Despair and Anger as Puerto Ricans Cope With Debt Crisis

Despair and Anger as Puerto Ricans Cope With Debt Crisis

It’s the lunch hour at Baker’s Bakery, a fixture in Río Piedras, one of Puerto Rico’s oldest neighborhoods, but the bustle at the counter is long gone. The front door opens and shuts only a few times an hour as customers, holding tighter than ever to their money, judiciously pick up some sugar-sprinkled pastries and a café con leche.

On the first day of the new sales tax, which jumped to 11.5 percent from 7 percent, the government’s latest rummage for more revenue, Puerto Rico’s malaise was unmistakable.

“People don’t even answer you when you tell them, ‘Buenos dias,’ ” said Ibrahim Baker, 55, on Wednesday as he stood at the cash register of the bakery he has owned for 25 years. “Everyone is depressed.”

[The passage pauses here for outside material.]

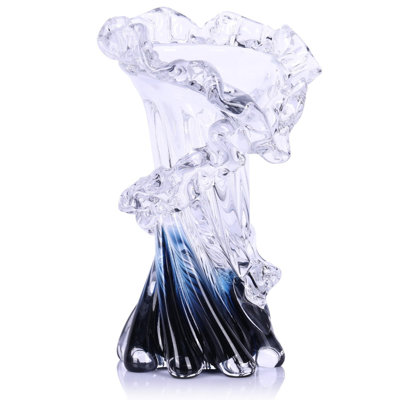 8" Hand Blown Blue Glass Vase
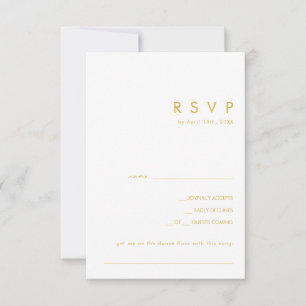 Moderne, minimale Gold Font Song Request RSVP-kaar RSVP Kaartje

After nearly a decade of recession, Puerto Rico’s government says it cannot pay its $73 billion debt much longer. Gov. Alejandro García Padilla warns that more austerity is on the way, a necessity for an island now working feverishly to rescue itself. With so many bracing for another slide toward the bottom, the sense of despair grows more palpable by the day.

 

 

Hector Mendoza makes $30 to $40 a day selling ice cream in the Río Piedras area of San Juan. CreditChristopher Gregory for The New York Times

“So many people are leaving you can’t even find suitcases,” said Erica Lebrón, 30, as she sat outside a housing project bodega.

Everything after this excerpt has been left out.